Choi Eun-hee, la musa (forzata) di Kim. Addio alla stella che sedusse il dittatore.

La più famosa attrice sudcoreana fu rapita dal regime di Pyongyang nel 1978. Bloccata per anni al Nord, fuggì col marito alla Berlinale.

Articolo uscito su Il Giornale (cartaceo) il 18 aprile 2018.

Gli amanti e il despota, il rapimento, la fuga. Una carriera folgorante, quella di una stella che brillava troppo. È morta Choi Eun-hee, una musa, una dea.

Una vita romanzo, sì, ma anche la vita di un’attrice, iniziata nel 1926 e lunga 91 anni. La diva sudcoreana, nata nella grande città di Gwangju, era talmente brava che fu rapita per girare film nella Corea del Nord. Strappata alla sua Corea del Sud e alla sua libertà, doveva ridare lustro all’industria cinematografica di Pyonyang. Celebre, famosa, catturata dagli agenti nordcoreani per ordine del padre di Kim Jong-un, grande appassionato di cinema e leader della propaganda, e costretta a girare film per il regime perché piaceva, piaceva troppo.

Choi Eun-hee era già un’attrice di successo quando aveva sposato il famoso e brillante regista Shin Sang-ok, abbandonato e poi risposato di nuovo nel corso della sua lunga vita. La carriera di Choi era iniziata nel 1947, con il film A New Oath ed era già famosissima nel 1978 e separata dal marito, quando fu rapita a Hong Kong dalle spie nordcoreane. Sedata, fu trasportata su una nave, il viaggio durò otto giorni.

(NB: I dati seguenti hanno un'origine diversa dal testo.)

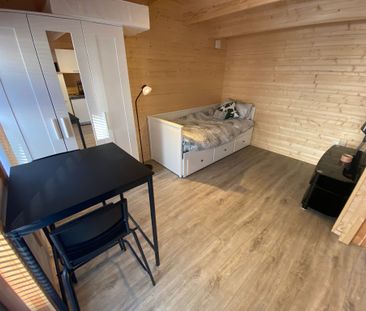 Carrigmore Grove, Saggart, Dublin 24 - Photo 5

Anche il marito Shin mentre seguiva le tracce della moglie, fu rapito subito dopo e portato a Pyongyang. I due riuscirono a sopravvivere solo collaborando con il regime. Shin era stato incarcerato perché non voleva collaborare ed era stato liberato perché si era arreso alle richieste del despota.

Bloccati al Nord per otto anni, vengono obbligati a girare diversi film per Kim Jong-il. Nonostante la loro situazione e la loro detenzione, i due celebri ex sposi viaggiano molto sempre sorvegliati a vista – e partecipano ai festival internazionali di cinema. Lei, nel 1985, viene premiata come migliore attrice all’International film festival di Mosca con il film Salt. Lui diventa il regista di punta della macchina cinematografica di Seul. Choi e Shin, divorziati prima della prigionia, si risposeranno in Ungheria per un ordine di Kim.

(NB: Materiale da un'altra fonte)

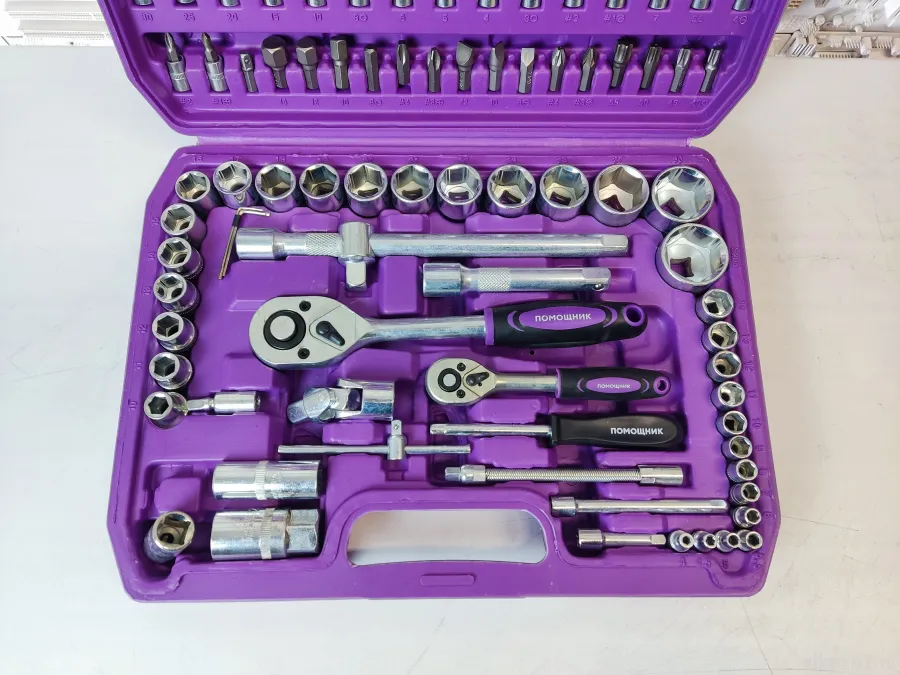 ����� ���������� ��� ���������� 94 ��������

Ma è anche la fuga che conferisce alle loro storie un non-so-che di romanzato. Nel 1986, alla Berlinale, riescono a evadere dalla sorveglianza degli agenti di Pyongyang. Aiutati dall’ambasciata americana a Vienna, raggiungono gli Stati Uniti, dove rimangono per 10 anni. Solo nel 1999 riescono a tornare a casa, in Corea del Sud.

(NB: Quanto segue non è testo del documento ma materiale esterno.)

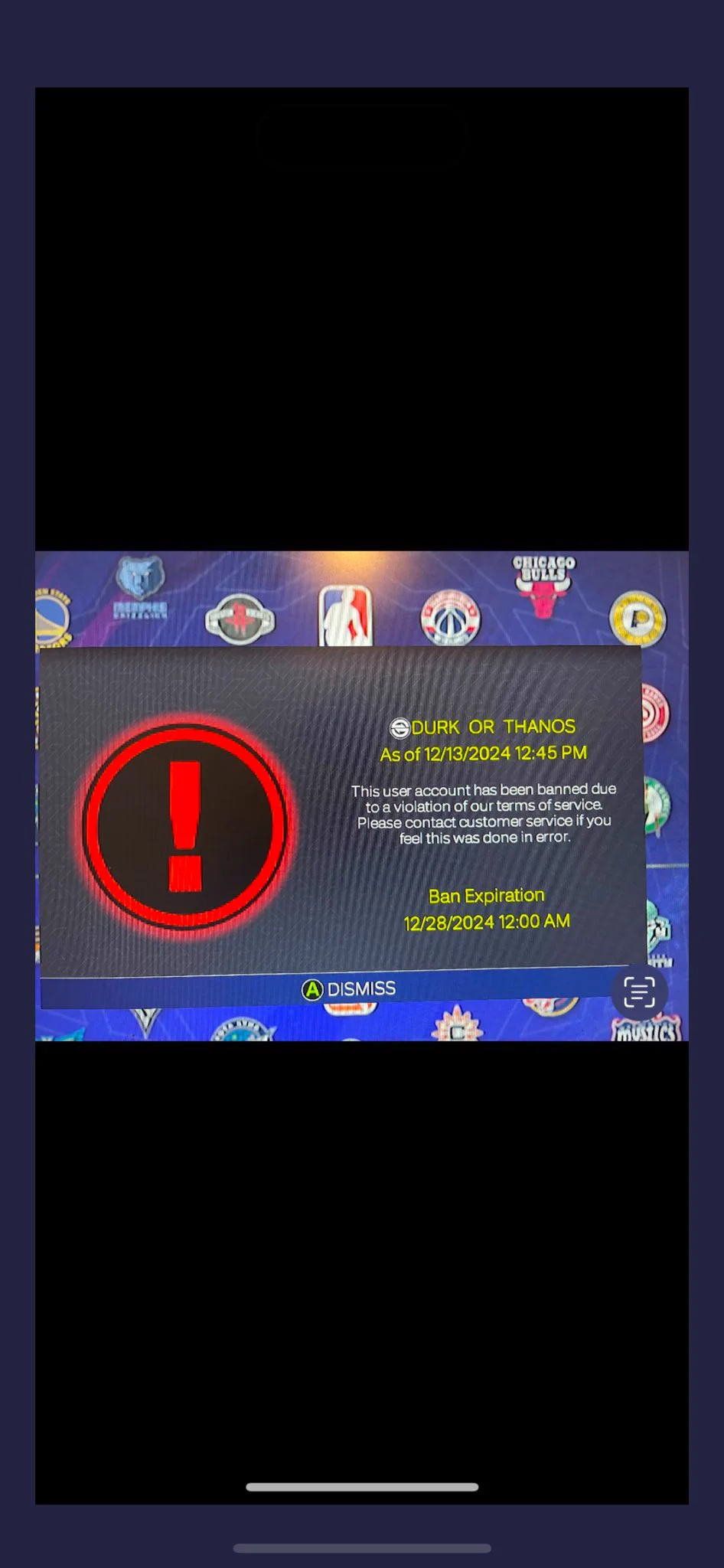 eyedontshoot on X:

«Avevo ancora l’incubo di venire catturata dagli agenti nordcoreani», aveva detto Choi.

La storia aveva suscitato perplessità nell’opinione pubblica sudcoreana: veniva considerata troppo cinematografica per essere vera. Ma loro erano riusciti a registrare un nastro dove il dittatore ammetteva il rapimento e questo resta uno dei pochi documenti in cui si sente la voce di Kim. Choi disse che non avrebbe mai perdonato il dittatore nordcoreano per il «vergognoso e oltraggioso» rapimento, ma che Kim li aveva sempre «rispettati come artisti». Shin è morto nel 2006, Choi l’ha appena raggiunto. Il funerale sarà domani, a Seul.